## RECORDS FOR THIS EXERCISE
▽
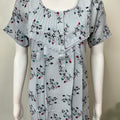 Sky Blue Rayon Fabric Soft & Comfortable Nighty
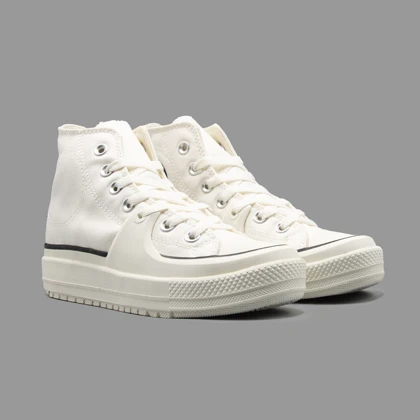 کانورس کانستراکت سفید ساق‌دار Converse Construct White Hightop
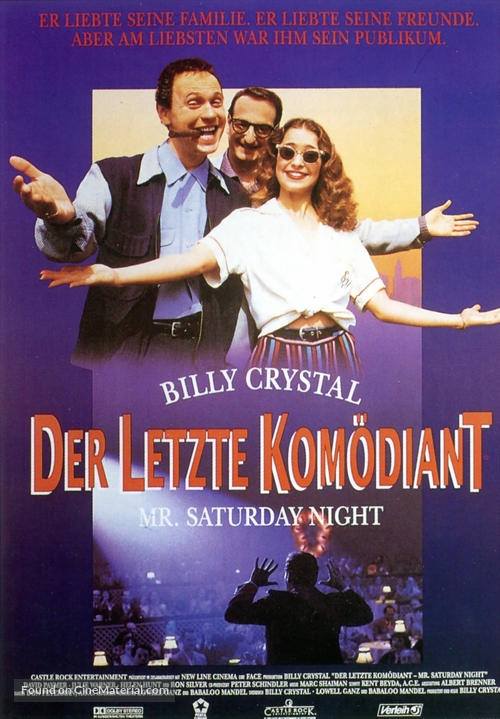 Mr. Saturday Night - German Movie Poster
△
▽
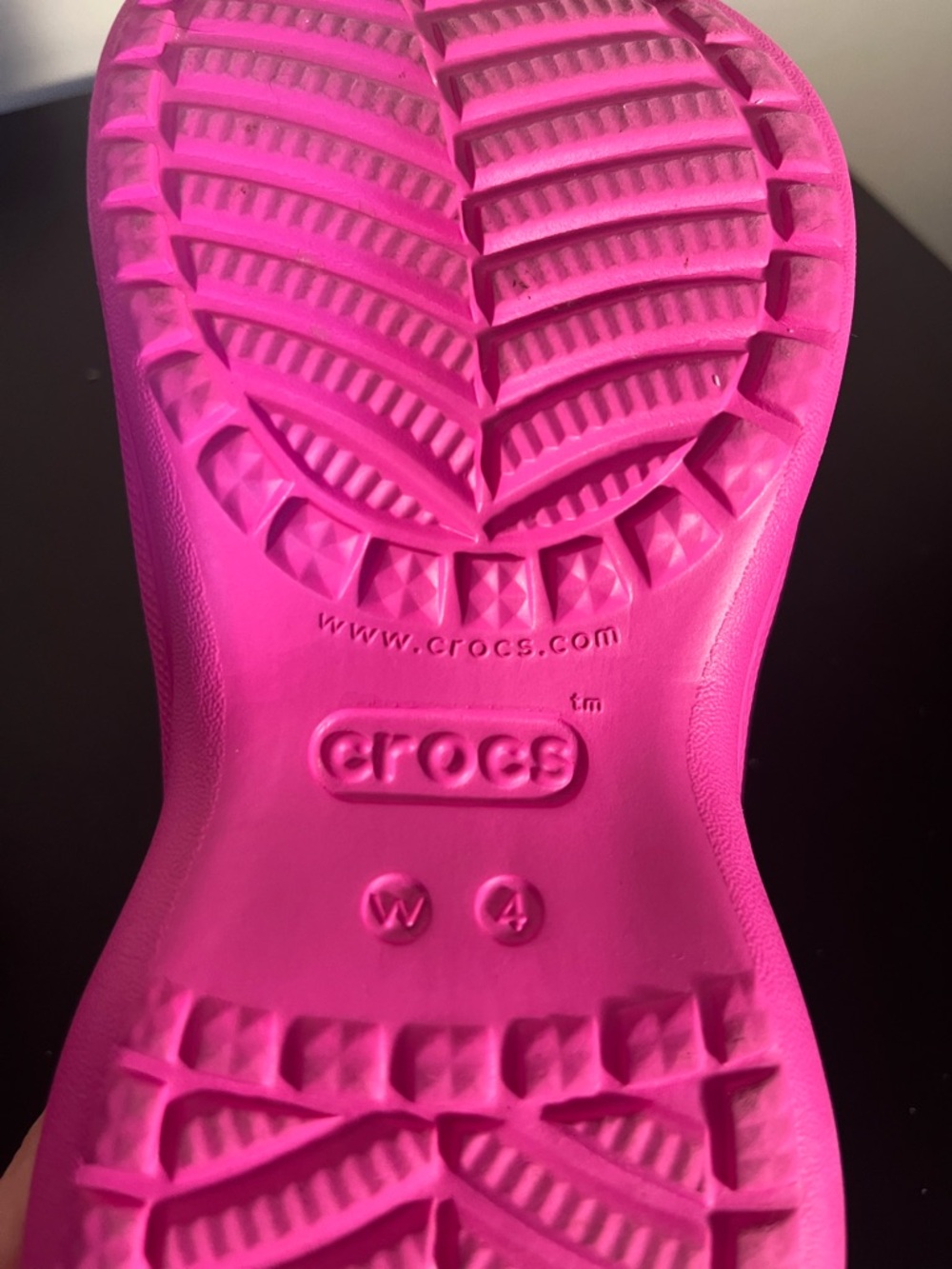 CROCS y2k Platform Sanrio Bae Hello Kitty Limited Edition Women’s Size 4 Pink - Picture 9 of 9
△
## REQUIREMENT
Within the entries above, give again exactly the lines starting at the one that contains "Sky Blue Rayon" and ending at the one that contains "Mr. Saturday Night - German Movie Poster", leaving out the pictures.

## ANSWER SPACE
 Sky Blue Rayon Fabric Soft & Comfortable Nighty
 کانورس کانستراکت سفید ساق‌دار Converse Construct White Hightop
 Mr. Saturday Night - German Movie Poster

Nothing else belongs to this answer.